In the records below, begin at the line containing "Ts Bianca Xxl — 13 / 15" and end at the line containing "Tosca Blu TS154B340 Tosca Blu TS154B340"; quote every line in that span exactly, including both boundary lines, and no others.
+++ MATERIALS PROVIDED +++
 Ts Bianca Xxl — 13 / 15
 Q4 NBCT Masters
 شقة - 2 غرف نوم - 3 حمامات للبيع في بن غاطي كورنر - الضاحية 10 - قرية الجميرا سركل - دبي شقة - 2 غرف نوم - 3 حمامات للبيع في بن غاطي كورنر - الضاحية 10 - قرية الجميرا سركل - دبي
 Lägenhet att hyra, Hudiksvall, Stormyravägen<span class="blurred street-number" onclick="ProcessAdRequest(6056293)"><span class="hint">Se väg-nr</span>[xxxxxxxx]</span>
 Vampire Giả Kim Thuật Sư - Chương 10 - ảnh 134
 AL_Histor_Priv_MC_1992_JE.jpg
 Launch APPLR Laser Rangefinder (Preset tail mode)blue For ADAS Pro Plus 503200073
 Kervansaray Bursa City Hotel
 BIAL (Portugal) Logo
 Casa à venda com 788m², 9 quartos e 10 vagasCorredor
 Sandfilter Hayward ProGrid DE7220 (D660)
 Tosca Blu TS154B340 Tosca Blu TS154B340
+++
+++ MATERIALS PROVIDED +++
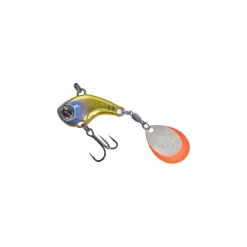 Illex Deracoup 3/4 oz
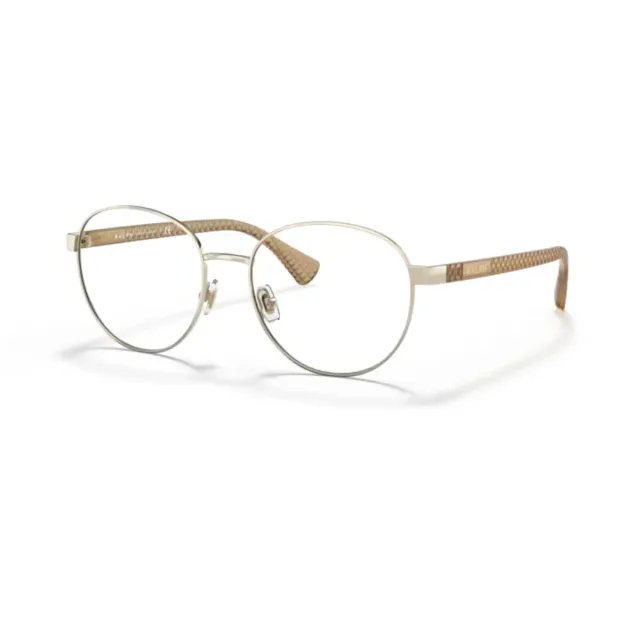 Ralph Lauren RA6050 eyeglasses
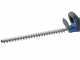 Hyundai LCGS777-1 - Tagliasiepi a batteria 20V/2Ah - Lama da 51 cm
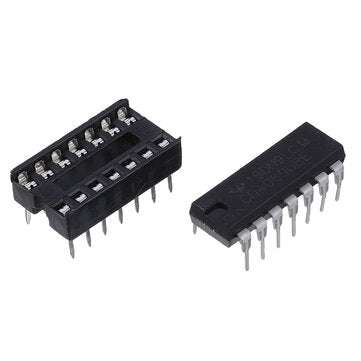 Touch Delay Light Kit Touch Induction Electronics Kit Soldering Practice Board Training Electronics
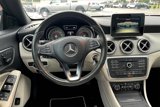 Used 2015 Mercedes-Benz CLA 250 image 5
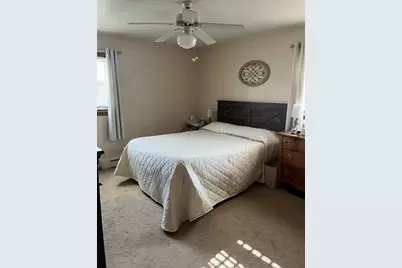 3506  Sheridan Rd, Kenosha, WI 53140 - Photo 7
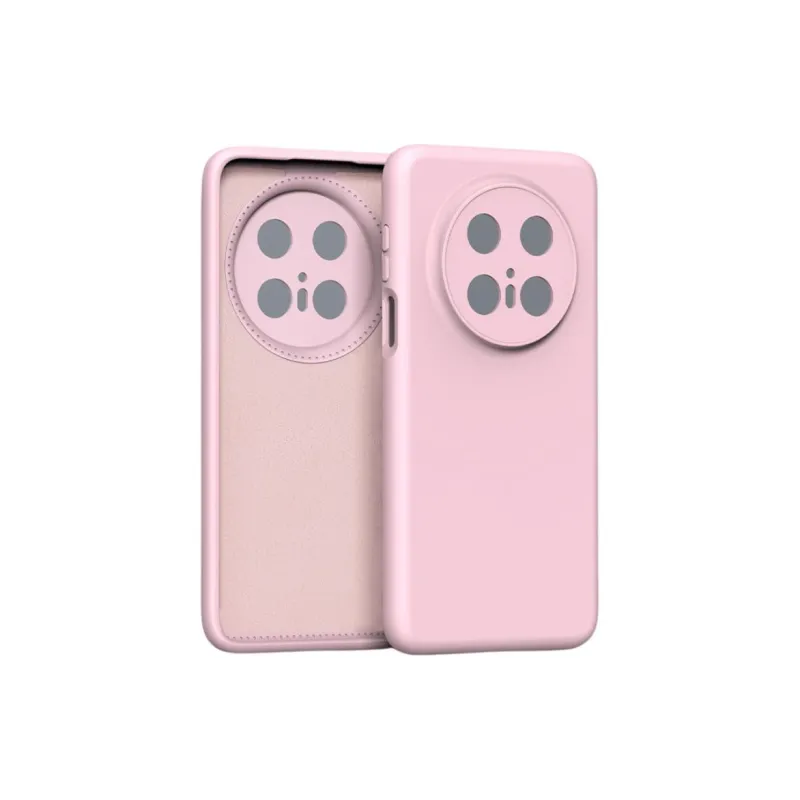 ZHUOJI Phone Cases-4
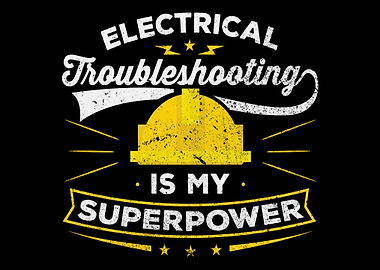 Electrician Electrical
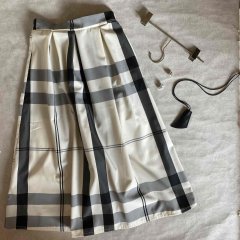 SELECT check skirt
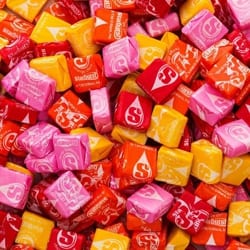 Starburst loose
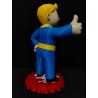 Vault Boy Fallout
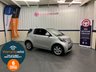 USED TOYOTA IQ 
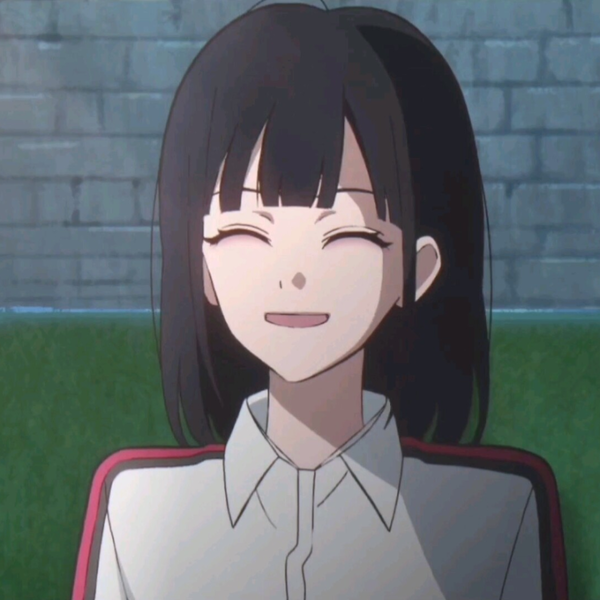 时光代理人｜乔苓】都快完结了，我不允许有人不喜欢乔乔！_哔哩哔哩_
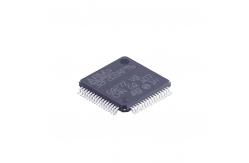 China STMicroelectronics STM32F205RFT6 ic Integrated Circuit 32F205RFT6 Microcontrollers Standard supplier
+++
• [ANSWER TO THIS TASK]:
 Ts Bianca Xxl — 13 / 15
 Q4 NBCT Masters
 شقة - 2 غرف نوم - 3 حمامات للبيع في بن غاطي كورنر - الضاحية 10 - قرية الجميرا سركل - دبي شقة - 2 غرف نوم - 3 حمامات للبيع في بن غاطي كورنر - الضاحية 10 - قرية الجميرا سركل - دبي
 Lägenhet att hyra, Hudiksvall, Stormyravägen<span class="blurred street-number" onclick="ProcessAdRequest(6056293)"><span class="hint">Se väg-nr</span>[xxxxxxxx]</span>
 Vampire Giả Kim Thuật Sư - Chương 10 - ảnh 134
 AL_Histor_Priv_MC_1992_JE.jpg
 Launch APPLR Laser Rangefinder (Preset tail mode)blue For ADAS Pro Plus 503200073
 Kervansaray Bursa City Hotel
 BIAL (Portugal) Logo
 Casa à venda com 788m², 9 quartos e 10 vagasCorredor
 Sandfilter Hayward ProGrid DE7220 (D660)
 Tosca Blu TS154B340 Tosca Blu TS154B340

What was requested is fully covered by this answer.